# Beginner Freshwater, yep that's me.



## Manwithnofish (Jan 28, 2008)

I am new to the hobby. I purchase and set up a new 70 gallon fresh water planted tank on February 16th. The tank measures 36” (left to right), 18” (front to back), and 25” (top to bottom). I started with fishless cycling using ammonia for the first week. Ammonia was from Wal-Mart and contained ‘chelating agents’. Hardness went through the roof so I did a 95% w/c and started over, cycling with 10 small fish. Fish are doing fine so far. I am at the end of the second week of cycling. Ammonia is 0.00, Nitrites are ranging 0.50 to 1.0, and Nitrates are usually at 5.00 or 10.00. Phosphates are 0.00. I have hard well water. The kH is 7 and the dH is usually around 15. The pH has fluctuated from 7.2 up to 8.4 (usually below 8.0). I have done several major water changes. Filtering with Fluval 405 (top 2 trays have BioMax, bottom 2 trays have carbon, ClearMax, and Pre-Filter). Lights are Tek-Lights 156 watts (T-5 HO), turned on 10 hours / day.

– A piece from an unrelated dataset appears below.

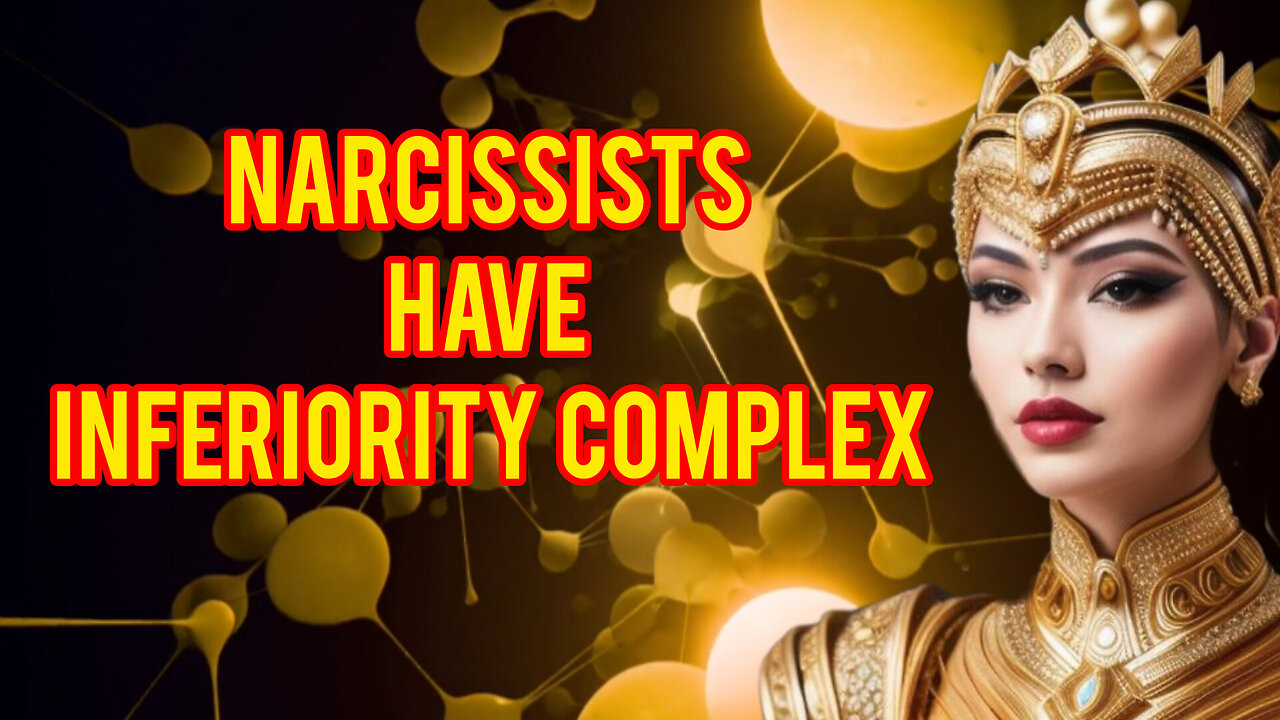 Narcissists have INFERIORITY COMPLEX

My problem is Fuzz Algae, sort of brownish in color and attaching to plants and objects. It flows in the water like hair. It’s not Thread or Brush Algae. I have been burning just half the lights (2 of the 4 lamps). Yesterday, I decided to turn all 4 lamps on to try to accelerate plant growth (to consume more nutrients and stave the algae). This morning the tank is very cloudy (with algae, I think). I don’t know if I should just keep doing what I’m doing and give it time to become established, or if I should start over or what. The Algae is taking over the tank and I need help.


----------



## Mr Incognito (Feb 24, 2008)

First thing is that I dont think youre supposed to do water changes like that when youre cycling your tank. Also theres really no reason to have your light on for 10 hours during cycling and thats probably helping the algae grow. I know that having your light on for overly long helps bad bacteria and such grow. As for the algae, could it be something that was already in the water since you use well water?


----------



## Guest (Feb 29, 2008)

From what I'read, he already has plants, which would explain the lights being on for 10 hours a day. What kinds of plants do you have? I would try a black out. I had really bad green water, so I turned the lights off for 4 days, and when I turned them back on, my water was crystal clear. and yes, I did have plants, but they were anubias, so they were okay with the lack of light. 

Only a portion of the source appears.